[Given records Boundary: Start]

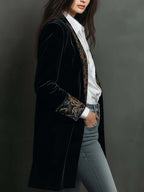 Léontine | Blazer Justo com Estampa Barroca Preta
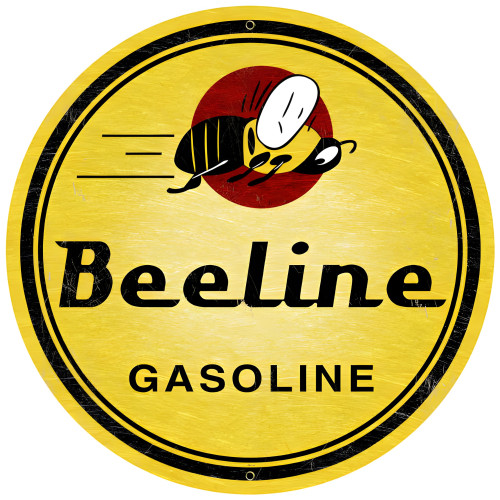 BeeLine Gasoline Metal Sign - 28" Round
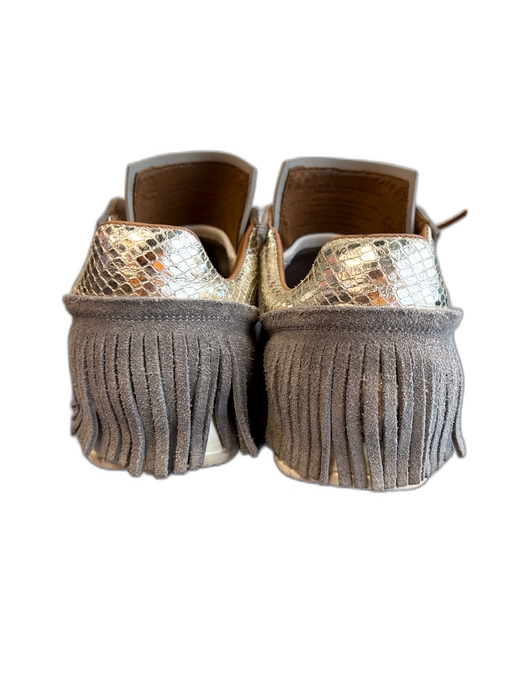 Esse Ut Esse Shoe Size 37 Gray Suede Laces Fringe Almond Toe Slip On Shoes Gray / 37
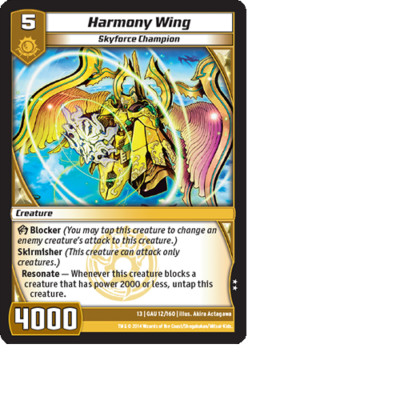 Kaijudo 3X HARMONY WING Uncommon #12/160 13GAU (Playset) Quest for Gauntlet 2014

[Given records Boundary: End]
[Given records Boundary: Start]

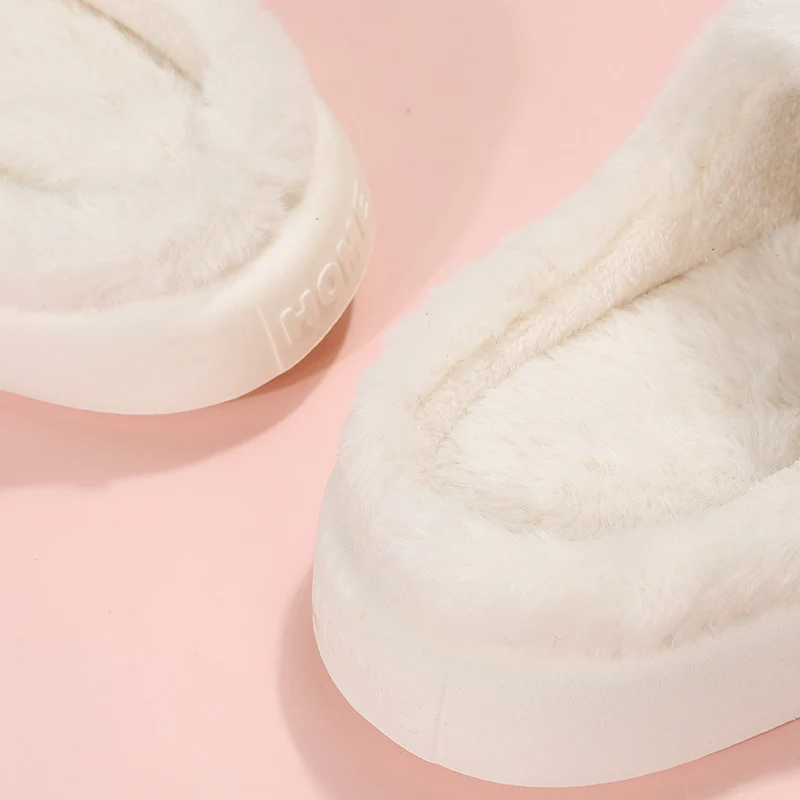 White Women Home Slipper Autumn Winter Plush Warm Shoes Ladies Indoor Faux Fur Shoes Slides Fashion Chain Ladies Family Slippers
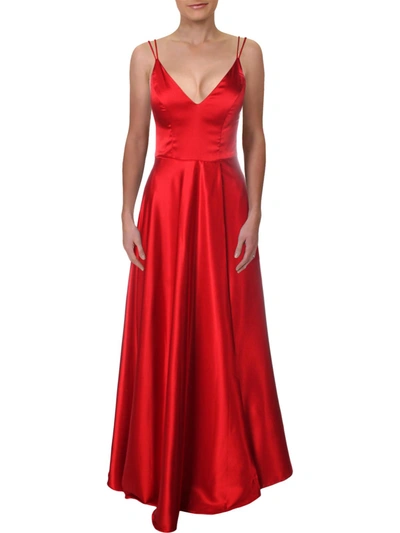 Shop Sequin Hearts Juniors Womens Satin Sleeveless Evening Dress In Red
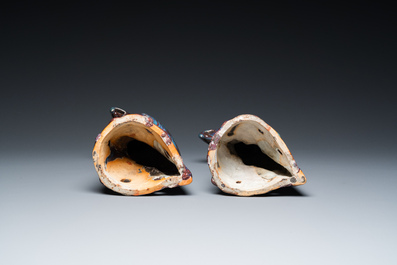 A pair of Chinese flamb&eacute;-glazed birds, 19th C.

[Given records Boundary: End]
[Given records Boundary: Start]

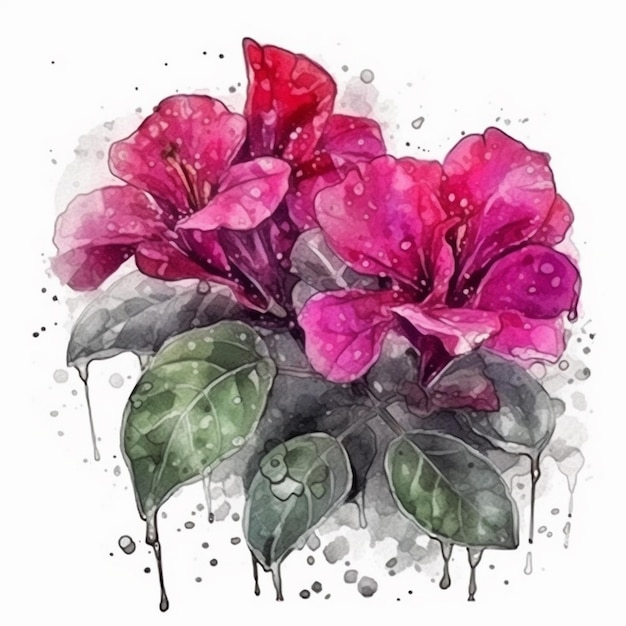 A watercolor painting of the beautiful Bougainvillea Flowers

[Given records Boundary: End]

● Directions
Write out exactly the lines above between the one with "Léontine | Blazer" and the one with "Kaijudo 3X HARMONY", inclusive, with pictures left out.

● Task response
 Léontine | Blazer Justo com Estampa Barroca Preta
 BeeLine Gasoline Metal Sign - 28" Round
 Esse Ut Esse Shoe Size 37 Gray Suede Laces Fringe Almond Toe Slip On Shoes Gray / 37
 Kaijudo 3X HARMONY WING Uncommon #12/160 13GAU (Playset) Quest for Gauntlet 2014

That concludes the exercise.